Roast turkey is good for big meals. But what does the guy who raises turkeys eat for a fast lunch? "I get a good product from Oscar Meyer. It's smoked turkey breast and comes already sliced. It's a really good product. I eat it all the time," Jim said.

Jim's daughter, Stacey, and her husband, Mark, have been busy at their farm where they sell produce direct to consumers. "Two weeks before Mothers Day is a good time for people to buy flowers. Lines at the cash register were 20 to 30 feet long," Jim told DTN.

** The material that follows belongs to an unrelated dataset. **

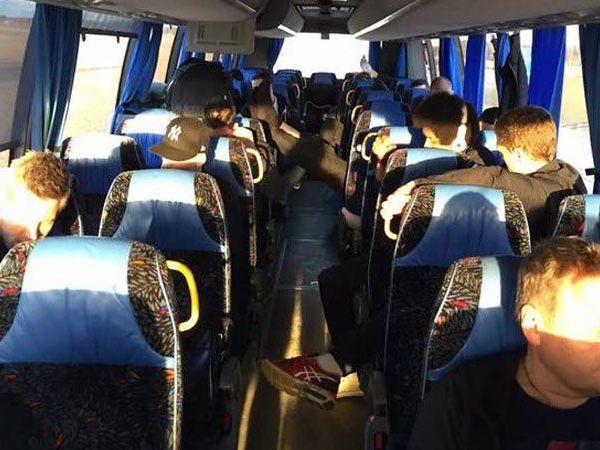 Dieses Bild postete der Verein aus dem Bus nach der Landung in Schweden. Dieses Bild postete der Verein aus dem Bus nach der Landung in Schweden.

The price of concrete has encouraged Jim's son, Craig, to look for an alternative surface inside his new 60- by 120-foot machine shed, and on the driveway leading to it. A plentiful supply of Pennsylvania slate rock nearby is the answer. Slate will even help replace spouting on the building by placing a wide border of rock outside under the roof drip edge, allowing rain to run off and away from the building. Parking loaded semi-trucks inside means thick concrete and more expense. "It saves you money. If you do a nice job, it looks good. And we can do that ourselves," Jim said. "We try to get black slate. We have a lot of slate here. You have to have a license to sell it. You try to get the black stuff because it's in 2-to-6-inch pieces that pack in really nice."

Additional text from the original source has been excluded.